Scientific programming was in the news lately, when doubts were raised about a coronavirus simulation by researchers at Imperial College London. While the doubts appear to have been put to rest, doing so involved digging through some seriously messy code. The whole situation seems to have gotten a lot of people worried. If these people are that bad at coding, why should we trust their science?
I don’t know much about coronavirus simulations, my knowledge there begins and ends with a talk I saw last month. But I know a thing or two about bad scientific code, because I write it. My code is atrocious. And I’ve seen published code that’s worse.
Why do scientists write bad code?
In part, it’s a matter of training. Some scientists have formal coding training, but most don’t. I took two CS courses in college and that was it. Despite that lack of training, we’re expected and encouraged to code. Before I took those courses, I spent a summer working in a particle physics lab, where I was expected to pick up the C++-based interface pretty much on the fly. I don’t think there’s another community out there that has as much reason to code as scientists do, and as little training for it.

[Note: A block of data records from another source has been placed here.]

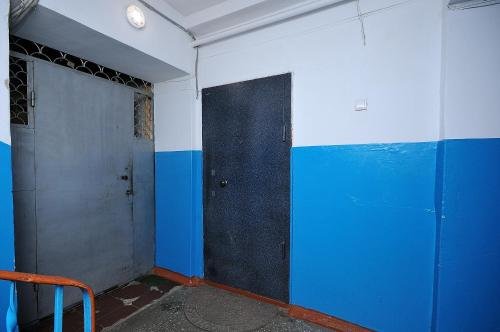 Омск: Omsk Sutki Apartments on Irtyshskaya Naberezhnaya 13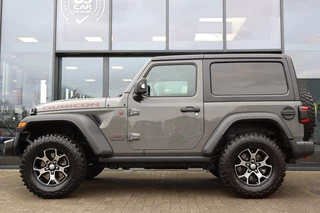 Jeep Wrangler 2019 - 2.0T 4x4 RUBICON Aut. / 1e eigenaar / Sper Diff imagen 15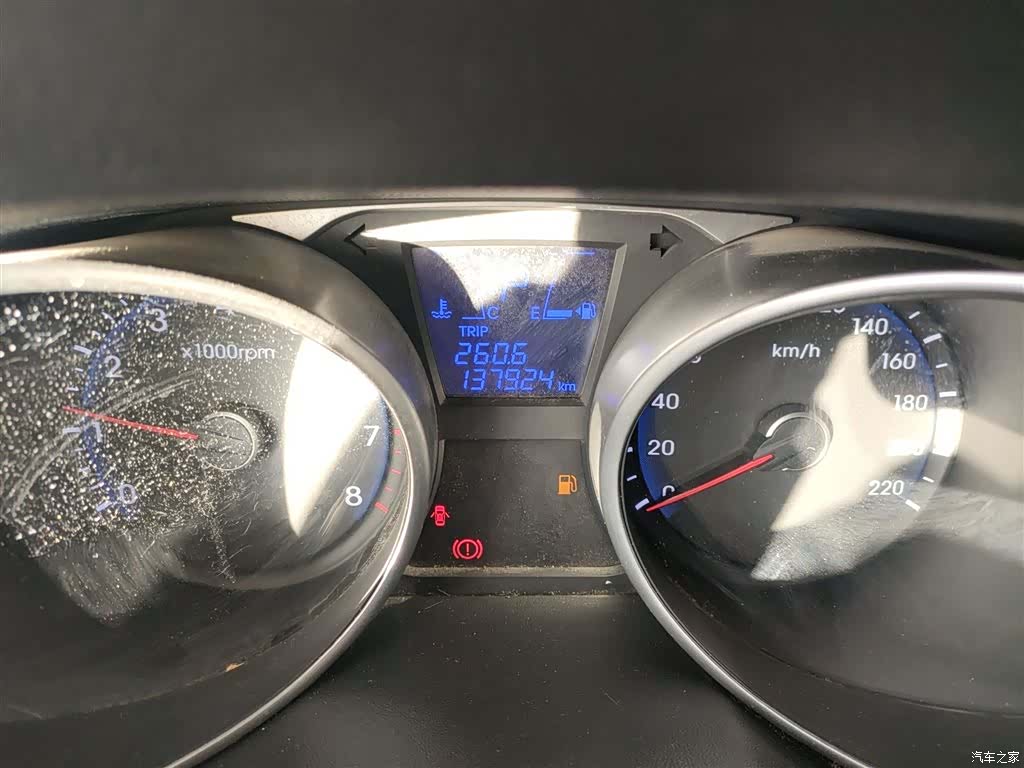 Hyundai ix35, 2017 12
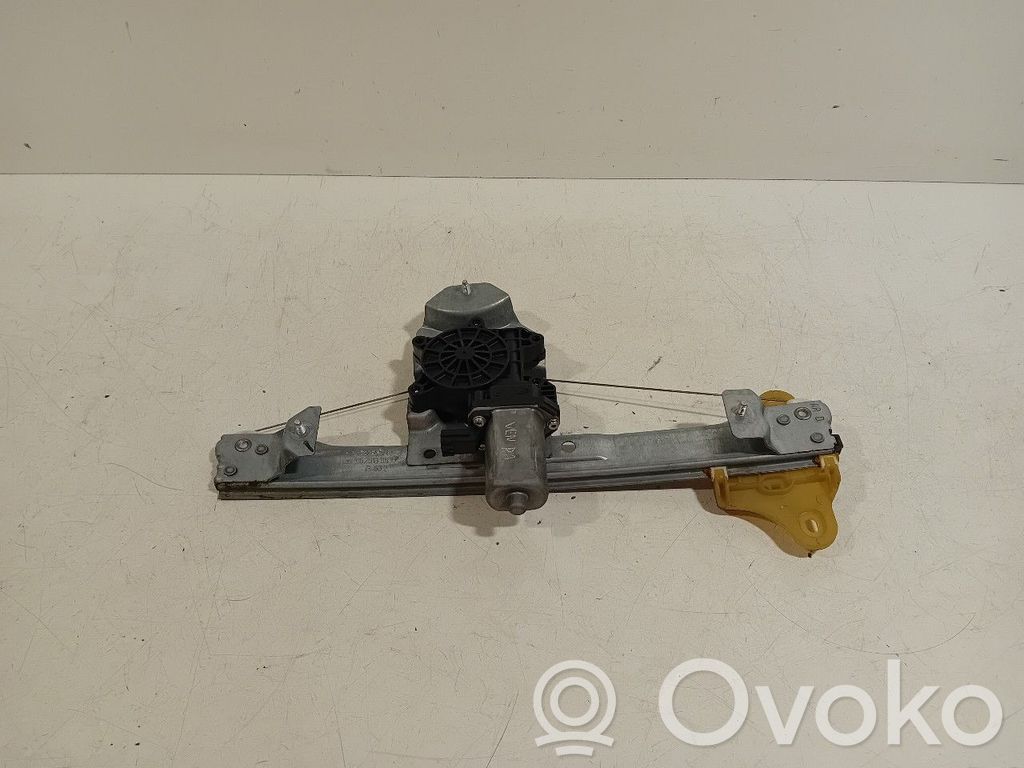 Renault Clio IV El. Lango pakėlimo mechanizmo komplektas 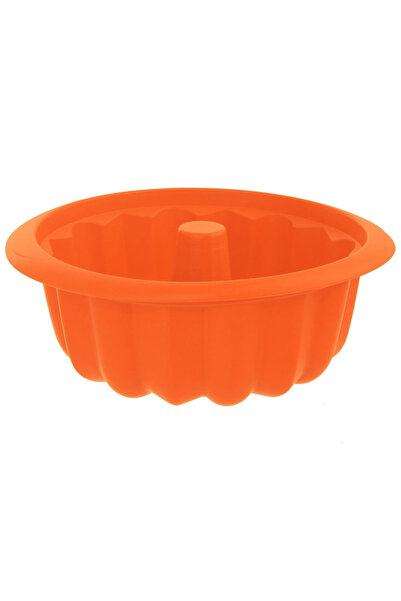 shumee Sillinie orange chimney cake silicone mold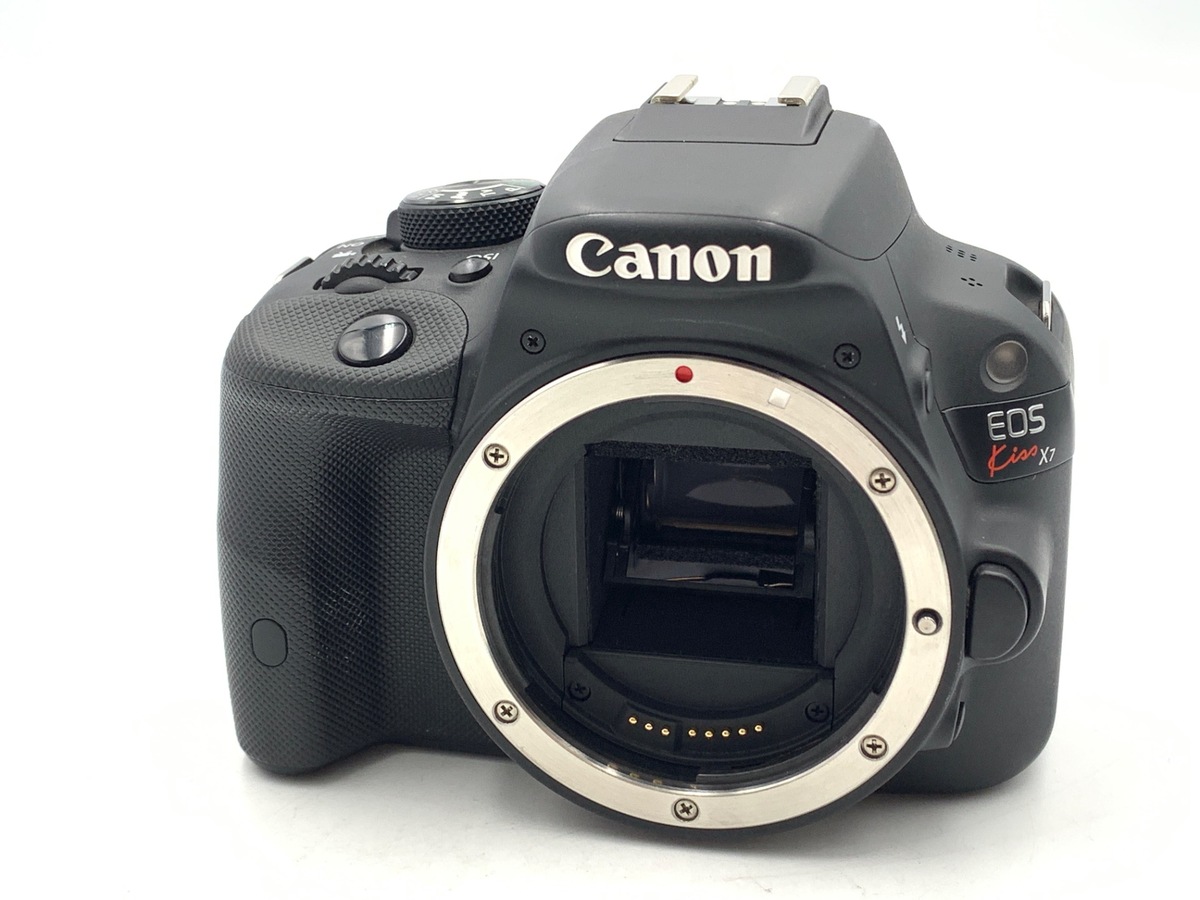価格.com - CANON EOS Kiss X6i ダブルズームキット 純正オプション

Would it be useful for scientists to have more of the tools of a trained coder? Sometimes, yeah. Version control is a big one, I’ve collaborated on papers that used Git and papers that didn’t, and there’s a big difference. There are coding habits that would speed up our work and lead to fewer dead ends, and they’re worth picking up when we have the time.
But there’s a reason we don’t prioritize “proper coding”. It’s because the things we’re trying to do, from a coding perspective, are really easy.
What, code-wise, is a coronavirus simulation? A vector of “people”, really just simple labels, all randomly infecting each other and recovering, with a few parameters describing how likely they are to do so and how long it takes. What do I do, code-wise? Mostly, giant piles of linear algebra.
These are not some sort of cutting-edge programming tasks. These are things people have been able to do since the dawn of computers. These are things that, when you screw them up, become quite obvious quite quickly.
Compared to that, the everyday tasks of software developers, like making a reliable interface for users, or efficient graphics, are much more difficult. They’re tasks that really require good coding practices, that just can’t function without them.
For us, the important part is not the coding itself, but what we’re doing with it. Whatever bugs are in a coronavirus simulation, they will have much less impact than, for example, the way in which the simulation includes superspreaders. Bugs in my code give me obviously wrong answers, bad scientific assumptions are much harder for me to root out.
There’s an exception that proves the rule here, and it’s that, when the coding task is actually difficult, scientists step up and write better code. Scientists who want to run efficiently on supercomputers, who are afraid of numerical error or need to simulate on many scales at once, these people learn how to code properly. The code behind the LHC still might be jury-rigged by industry standards, but it’s light-years better than typical scientific code.
I get the furor around the Imperial group’s code. I get that, when a government makes a critical decision, you hope that their every input is as professional as possible. But without getting too political for this blog, let me just say that whatever your politics are, if any of it is based on science, it comes from code like this. Psychology studies, economic modeling, polling…they’re using code, and it’s jury-rigged to hell. Scientists just have more important things to worry about.